··· THE RECORDS
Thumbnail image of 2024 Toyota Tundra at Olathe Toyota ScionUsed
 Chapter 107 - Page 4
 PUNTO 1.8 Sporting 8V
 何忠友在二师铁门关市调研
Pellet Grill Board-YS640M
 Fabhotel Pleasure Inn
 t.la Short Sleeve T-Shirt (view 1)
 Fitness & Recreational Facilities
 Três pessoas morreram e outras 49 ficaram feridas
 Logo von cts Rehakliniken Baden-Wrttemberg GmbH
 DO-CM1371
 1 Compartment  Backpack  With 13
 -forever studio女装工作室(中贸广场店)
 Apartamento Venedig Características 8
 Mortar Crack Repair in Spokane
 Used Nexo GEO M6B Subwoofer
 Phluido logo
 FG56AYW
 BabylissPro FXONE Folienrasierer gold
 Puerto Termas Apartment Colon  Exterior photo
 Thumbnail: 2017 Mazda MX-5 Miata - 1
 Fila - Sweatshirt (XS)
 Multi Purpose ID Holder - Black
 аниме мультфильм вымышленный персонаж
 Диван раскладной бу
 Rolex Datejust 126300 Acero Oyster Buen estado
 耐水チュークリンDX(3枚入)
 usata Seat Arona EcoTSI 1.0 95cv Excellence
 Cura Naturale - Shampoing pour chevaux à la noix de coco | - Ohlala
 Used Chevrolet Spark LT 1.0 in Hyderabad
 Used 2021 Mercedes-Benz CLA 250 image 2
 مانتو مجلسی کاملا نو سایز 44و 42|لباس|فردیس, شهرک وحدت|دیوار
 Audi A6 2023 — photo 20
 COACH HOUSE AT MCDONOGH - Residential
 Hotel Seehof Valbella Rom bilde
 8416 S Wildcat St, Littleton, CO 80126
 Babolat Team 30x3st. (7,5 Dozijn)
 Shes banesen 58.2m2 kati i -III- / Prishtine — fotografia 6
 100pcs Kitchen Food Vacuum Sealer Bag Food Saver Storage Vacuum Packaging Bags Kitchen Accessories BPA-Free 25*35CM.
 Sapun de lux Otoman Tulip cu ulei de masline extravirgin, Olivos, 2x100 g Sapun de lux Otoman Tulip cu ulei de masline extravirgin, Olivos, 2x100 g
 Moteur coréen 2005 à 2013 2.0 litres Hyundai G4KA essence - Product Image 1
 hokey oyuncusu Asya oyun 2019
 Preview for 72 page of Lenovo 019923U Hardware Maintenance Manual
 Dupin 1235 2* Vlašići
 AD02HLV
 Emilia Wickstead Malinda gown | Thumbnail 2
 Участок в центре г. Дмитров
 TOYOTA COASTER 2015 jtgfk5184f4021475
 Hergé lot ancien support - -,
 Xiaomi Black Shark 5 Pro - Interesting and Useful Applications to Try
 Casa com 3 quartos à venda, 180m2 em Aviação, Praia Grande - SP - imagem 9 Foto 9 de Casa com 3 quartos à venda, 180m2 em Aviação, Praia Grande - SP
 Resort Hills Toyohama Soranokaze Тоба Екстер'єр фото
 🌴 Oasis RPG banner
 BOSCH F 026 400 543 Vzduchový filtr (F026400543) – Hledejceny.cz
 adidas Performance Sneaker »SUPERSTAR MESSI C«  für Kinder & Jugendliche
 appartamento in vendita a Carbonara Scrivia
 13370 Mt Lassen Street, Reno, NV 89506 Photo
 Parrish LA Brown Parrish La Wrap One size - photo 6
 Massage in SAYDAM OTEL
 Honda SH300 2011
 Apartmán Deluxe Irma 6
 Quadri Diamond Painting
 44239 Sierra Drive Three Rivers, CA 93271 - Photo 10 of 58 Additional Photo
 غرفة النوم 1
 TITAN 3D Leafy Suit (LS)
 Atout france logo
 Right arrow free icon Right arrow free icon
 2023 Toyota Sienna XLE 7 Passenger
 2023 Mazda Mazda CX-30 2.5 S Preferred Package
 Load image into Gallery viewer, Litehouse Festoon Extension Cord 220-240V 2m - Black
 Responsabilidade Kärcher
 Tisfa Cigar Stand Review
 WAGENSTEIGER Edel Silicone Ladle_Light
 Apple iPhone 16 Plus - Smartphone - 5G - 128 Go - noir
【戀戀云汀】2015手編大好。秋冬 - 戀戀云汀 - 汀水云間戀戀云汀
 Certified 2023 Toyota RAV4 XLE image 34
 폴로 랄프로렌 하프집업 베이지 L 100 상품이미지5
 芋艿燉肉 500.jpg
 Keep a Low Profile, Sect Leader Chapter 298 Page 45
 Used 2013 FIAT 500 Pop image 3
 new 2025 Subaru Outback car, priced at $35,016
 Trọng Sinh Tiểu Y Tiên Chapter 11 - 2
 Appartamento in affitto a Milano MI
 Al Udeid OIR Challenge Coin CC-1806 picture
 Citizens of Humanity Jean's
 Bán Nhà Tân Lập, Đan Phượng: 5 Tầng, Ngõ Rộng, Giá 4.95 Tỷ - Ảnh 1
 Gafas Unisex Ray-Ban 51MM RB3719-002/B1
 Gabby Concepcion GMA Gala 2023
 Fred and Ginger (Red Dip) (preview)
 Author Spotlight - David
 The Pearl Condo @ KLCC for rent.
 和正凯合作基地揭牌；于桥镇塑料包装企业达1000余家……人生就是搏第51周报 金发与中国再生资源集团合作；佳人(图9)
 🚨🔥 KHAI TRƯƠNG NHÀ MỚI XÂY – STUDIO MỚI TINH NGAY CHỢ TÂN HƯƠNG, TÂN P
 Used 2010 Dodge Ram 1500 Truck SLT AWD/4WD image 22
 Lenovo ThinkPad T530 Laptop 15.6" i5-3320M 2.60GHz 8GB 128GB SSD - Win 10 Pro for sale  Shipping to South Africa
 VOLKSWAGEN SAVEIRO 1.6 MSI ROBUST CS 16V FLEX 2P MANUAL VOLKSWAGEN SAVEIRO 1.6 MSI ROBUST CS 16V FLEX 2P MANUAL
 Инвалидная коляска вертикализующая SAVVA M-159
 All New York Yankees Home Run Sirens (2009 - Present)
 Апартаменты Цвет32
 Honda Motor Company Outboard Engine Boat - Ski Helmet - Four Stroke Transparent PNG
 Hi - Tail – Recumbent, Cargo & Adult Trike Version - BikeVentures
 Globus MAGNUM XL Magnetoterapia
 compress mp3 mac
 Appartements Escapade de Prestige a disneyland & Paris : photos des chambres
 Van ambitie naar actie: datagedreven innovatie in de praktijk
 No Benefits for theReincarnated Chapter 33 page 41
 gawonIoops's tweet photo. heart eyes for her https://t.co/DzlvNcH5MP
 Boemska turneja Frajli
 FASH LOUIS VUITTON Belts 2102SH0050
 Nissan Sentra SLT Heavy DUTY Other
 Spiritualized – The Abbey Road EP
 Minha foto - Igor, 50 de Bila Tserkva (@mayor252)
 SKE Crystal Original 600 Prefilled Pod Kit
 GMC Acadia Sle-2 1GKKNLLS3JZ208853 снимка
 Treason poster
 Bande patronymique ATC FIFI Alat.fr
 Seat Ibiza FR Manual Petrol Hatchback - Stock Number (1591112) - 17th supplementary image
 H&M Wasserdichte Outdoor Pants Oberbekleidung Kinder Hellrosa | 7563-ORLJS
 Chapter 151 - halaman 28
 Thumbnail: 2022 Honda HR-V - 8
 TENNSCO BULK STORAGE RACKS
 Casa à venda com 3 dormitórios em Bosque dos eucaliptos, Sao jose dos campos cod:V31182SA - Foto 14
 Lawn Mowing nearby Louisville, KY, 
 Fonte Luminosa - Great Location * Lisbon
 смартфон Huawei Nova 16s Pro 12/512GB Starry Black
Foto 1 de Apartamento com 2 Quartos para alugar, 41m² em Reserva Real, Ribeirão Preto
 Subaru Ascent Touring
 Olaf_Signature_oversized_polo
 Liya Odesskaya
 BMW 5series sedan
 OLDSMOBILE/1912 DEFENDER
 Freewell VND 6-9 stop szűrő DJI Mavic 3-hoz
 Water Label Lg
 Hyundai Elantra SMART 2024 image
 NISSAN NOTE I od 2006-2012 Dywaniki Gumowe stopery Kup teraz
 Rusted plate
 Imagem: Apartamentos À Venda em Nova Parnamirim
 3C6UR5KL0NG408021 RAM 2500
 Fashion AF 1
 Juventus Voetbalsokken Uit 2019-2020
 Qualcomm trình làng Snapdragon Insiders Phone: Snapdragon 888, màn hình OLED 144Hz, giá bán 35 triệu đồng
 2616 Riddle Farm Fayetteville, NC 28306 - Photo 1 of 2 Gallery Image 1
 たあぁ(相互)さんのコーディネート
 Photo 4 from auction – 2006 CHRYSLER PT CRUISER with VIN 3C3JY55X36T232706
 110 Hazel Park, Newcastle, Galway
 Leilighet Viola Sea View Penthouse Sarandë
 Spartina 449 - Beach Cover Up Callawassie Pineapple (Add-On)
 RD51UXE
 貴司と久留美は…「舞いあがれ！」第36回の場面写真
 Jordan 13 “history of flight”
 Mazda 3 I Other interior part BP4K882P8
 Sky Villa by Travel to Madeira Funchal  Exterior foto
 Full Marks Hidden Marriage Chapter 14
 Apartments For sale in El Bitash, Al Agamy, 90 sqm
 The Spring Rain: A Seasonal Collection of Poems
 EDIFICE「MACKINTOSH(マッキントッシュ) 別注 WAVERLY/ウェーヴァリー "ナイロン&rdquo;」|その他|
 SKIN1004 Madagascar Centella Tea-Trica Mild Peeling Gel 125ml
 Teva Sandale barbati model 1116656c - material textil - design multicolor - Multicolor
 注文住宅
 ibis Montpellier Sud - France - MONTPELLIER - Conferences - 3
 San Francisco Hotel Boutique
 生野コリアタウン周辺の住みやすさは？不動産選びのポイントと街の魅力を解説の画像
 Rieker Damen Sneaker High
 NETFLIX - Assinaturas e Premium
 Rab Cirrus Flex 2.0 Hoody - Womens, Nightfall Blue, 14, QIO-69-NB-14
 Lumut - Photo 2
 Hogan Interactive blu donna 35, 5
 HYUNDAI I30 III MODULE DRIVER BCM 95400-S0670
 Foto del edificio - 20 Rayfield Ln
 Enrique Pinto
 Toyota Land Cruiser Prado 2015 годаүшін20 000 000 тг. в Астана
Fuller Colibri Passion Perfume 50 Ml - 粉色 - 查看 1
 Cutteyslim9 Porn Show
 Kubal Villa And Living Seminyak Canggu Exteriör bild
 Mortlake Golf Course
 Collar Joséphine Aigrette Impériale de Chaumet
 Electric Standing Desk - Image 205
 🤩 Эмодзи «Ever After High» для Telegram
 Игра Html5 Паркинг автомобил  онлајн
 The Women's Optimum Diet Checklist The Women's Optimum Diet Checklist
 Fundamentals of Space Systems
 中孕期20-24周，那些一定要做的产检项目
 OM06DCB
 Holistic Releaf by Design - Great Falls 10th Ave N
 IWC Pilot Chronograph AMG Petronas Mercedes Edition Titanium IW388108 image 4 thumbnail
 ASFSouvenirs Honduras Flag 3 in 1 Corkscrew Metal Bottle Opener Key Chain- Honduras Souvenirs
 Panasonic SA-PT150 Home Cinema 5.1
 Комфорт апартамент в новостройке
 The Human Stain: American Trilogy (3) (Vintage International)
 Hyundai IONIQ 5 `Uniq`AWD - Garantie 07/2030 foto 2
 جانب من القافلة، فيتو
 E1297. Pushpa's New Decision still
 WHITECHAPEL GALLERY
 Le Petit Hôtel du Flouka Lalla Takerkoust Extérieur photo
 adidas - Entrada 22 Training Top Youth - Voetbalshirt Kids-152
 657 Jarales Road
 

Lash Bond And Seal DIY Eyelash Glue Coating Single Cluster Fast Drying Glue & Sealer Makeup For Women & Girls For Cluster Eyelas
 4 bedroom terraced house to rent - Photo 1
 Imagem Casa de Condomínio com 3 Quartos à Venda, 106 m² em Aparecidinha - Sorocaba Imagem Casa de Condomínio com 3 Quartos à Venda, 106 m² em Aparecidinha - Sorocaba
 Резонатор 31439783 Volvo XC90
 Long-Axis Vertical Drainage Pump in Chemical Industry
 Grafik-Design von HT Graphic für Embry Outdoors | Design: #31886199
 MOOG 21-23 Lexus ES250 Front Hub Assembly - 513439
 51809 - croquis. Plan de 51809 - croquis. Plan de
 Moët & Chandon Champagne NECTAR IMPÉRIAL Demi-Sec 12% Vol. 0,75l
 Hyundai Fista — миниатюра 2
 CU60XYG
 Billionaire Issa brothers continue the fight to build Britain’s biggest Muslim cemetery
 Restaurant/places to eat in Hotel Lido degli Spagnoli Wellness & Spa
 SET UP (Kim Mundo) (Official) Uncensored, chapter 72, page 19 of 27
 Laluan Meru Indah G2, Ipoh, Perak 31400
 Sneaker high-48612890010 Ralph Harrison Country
······
Which lines above run from the one containing "Appartamento in affitto a Milano MI" down to the one containing "FASH LOUIS VUITTON Belts 2102SH0050"? Repeat exactly those, both ends included, and nothing else.

RESULT:
 Appartamento in affitto a Milano MI
 Al Udeid OIR Challenge Coin CC-1806 picture
 Citizens of Humanity Jean's
 Bán Nhà Tân Lập, Đan Phượng: 5 Tầng, Ngõ Rộng, Giá 4.95 Tỷ - Ảnh 1
 Gafas Unisex Ray-Ban 51MM RB3719-002/B1
 Gabby Concepcion GMA Gala 2023
 Fred and Ginger (Red Dip) (preview)
 Author Spotlight - David
 The Pearl Condo @ KLCC for rent.
 和正凯合作基地揭牌；于桥镇塑料包装企业达1000余家……人生就是搏第51周报 金发与中国再生资源集团合作；佳人(图9)
 🚨🔥 KHAI TRƯƠNG NHÀ MỚI XÂY – STUDIO MỚI TINH NGAY CHỢ TÂN HƯƠNG, TÂN P
 Used 2010 Dodge Ram 1500 Truck SLT AWD/4WD image 22
 Lenovo ThinkPad T530 Laptop 15.6" i5-3320M 2.60GHz 8GB 128GB SSD - Win 10 Pro for sale  Shipping to South Africa
 VOLKSWAGEN SAVEIRO 1.6 MSI ROBUST CS 16V FLEX 2P MANUAL VOLKSWAGEN SAVEIRO 1.6 MSI ROBUST CS 16V FLEX 2P MANUAL
 Инвалидная коляска вертикализующая SAVVA M-159
 All New York Yankees Home Run Sirens (2009 - Present)
 Апартаменты Цвет32
 Honda Motor Company Outboard Engine Boat - Ski Helmet - Four Stroke Transparent PNG
 Hi - Tail – Recumbent, Cargo & Adult Trike Version - BikeVentures
 Globus MAGNUM XL Magnetoterapia
 compress mp3 mac
 Appartements Escapade de Prestige a disneyland & Paris : photos des chambres
 Van ambitie naar actie: datagedreven innovatie in de praktijk
 No Benefits for theReincarnated Chapter 33 page 41
 gawonIoops's tweet photo. heart eyes for her https://t.co/DzlvNcH5MP
 Boemska turneja Frajli
 FASH LOUIS VUITTON Belts 2102SH0050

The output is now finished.